4.1. Impact of Land Use Change on Carbon Storage

Land use change can significantly affect carbon storage [49]. In this study, the results revealed that the PYLB has experienced dramatic land use change, which resulted in a net loss of 17.26 Tg in carbon storage from 1990 to 2020. Urbanization can accelerate built-up land expansion, which eliminated a large amount of farmland, forestland, and wetland and induced significant ecosystem degradation [9,50]. Since the strategies of the Central Region Rise and the Yangtze River Economic Belt, the PYLB has experienced rapid economic development and urbanization [35,51], which has been characterized by remarkable built-up land expansion and has led to considerable carbon loss. In this study, LUTs resulted in 26.15 Tg of carbon loss from 1990 to 2020. Conversion from farmland and forestland to built-up land resulted in 10.45 Tg and 7.34 Tg of carbon loss, contributing 39.94% and 28.06% of carbon loss during the study period, respectively. This indicated that built-up land expansion was the dominant contributor to carbon loss in the PYLB. This was consistent with previous studies [13,24]. In this study, built-up land expanded by 159.89 km², 1020.31 km², and 1345.89 km² during 1990–2000, 2000–2010, and 2010–2020, respectively, indicating that the PYLB experienced an accelerating urbanization process. Urbanization is expected to put more pressure on ecosystems in the future, leading to more carbon loss. Therefore, attention should be paid to the carbon loss resulting from built-up land expansion.

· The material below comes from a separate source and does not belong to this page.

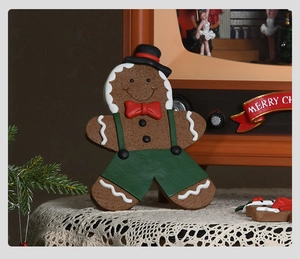 Detail of gingerbread man figurine with green overalls on a white lace tablecloth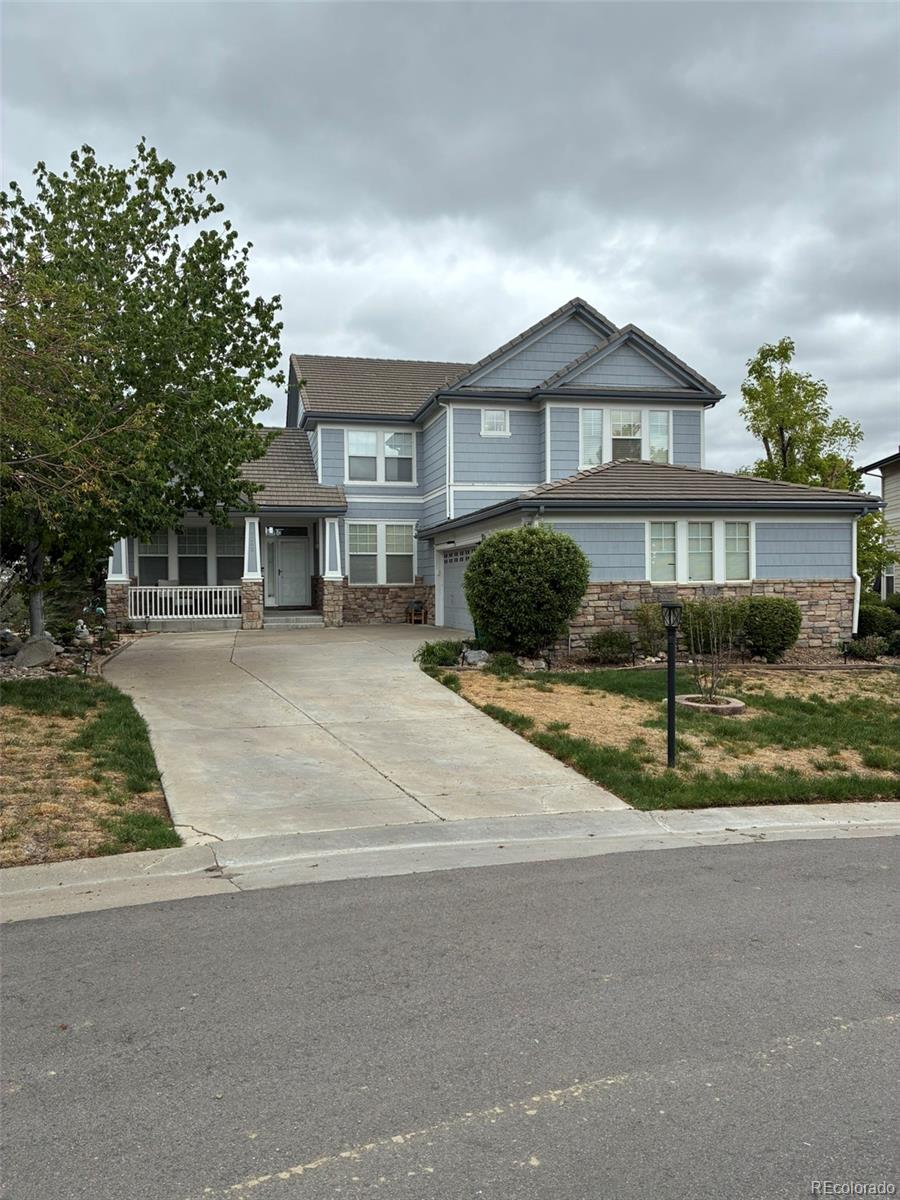 7242 South Rome Street Aurora, CO 80016 - Photo 2 of 33 a front view of a house with a yard and potted plants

Previous studies indicated that farmland reclamation mainly occupied forests and wetlands, which resulted in considerable carbon loss [29,52]. Farmland expansion was also an important contributor to carbon loss in the PYLB. Conversion from forestland and wetland to farmland caused 3.46 Tg and 1.48 Tg of carbon loss, accounting for 13.25% and 5.65% of the total carbon loss from 1990 to 2020, respectively. This should be mainly ascribed to the “Requisition-compensation balance of farmland” (RCBF) policy. During past decades, China experienced rapid urbanization, which induced a large amount of farmland encroachment by built-up land and threatened food security [53,54]. Therefore, China launched the RCBF policy, to ensure food security, in 1997. This policy stated that the occupied farmland must be compensated by new farmland of the same quantity and quality [55]. However, it facilitated conversions from forestland, grassland, and wetland to farmland and induced ecosystem degradation. For example, Tang et al. [29] reported that farmland expansion resulted in 1.76 Tg of carbon loss in Hubei province from 2000 to 2010, which was mainly due to the RCBF policy. Chen et al. [35] revealed that the occupation of forestland by farmland was the dominant contributor to the decrease in ecosystem service value in the middle reaches of the Yangtze River Economic Belt from 1995 to 2015. Moreover, built-up land expansion mainly occupied plains farmland, while the newly added farmland was mainly sloping and terrace farmland. As reported by Chen et al. [56], the slope of unstable farmland increased by 0.48° in China from 1990 to 2019. The PYLB is a subtropical basin with high rainfall erosivity, and the new farmland mostly occurred on steep slopes, which not only resulted in carbon loss but also severe soil erosion, thereby threatening local ecological security.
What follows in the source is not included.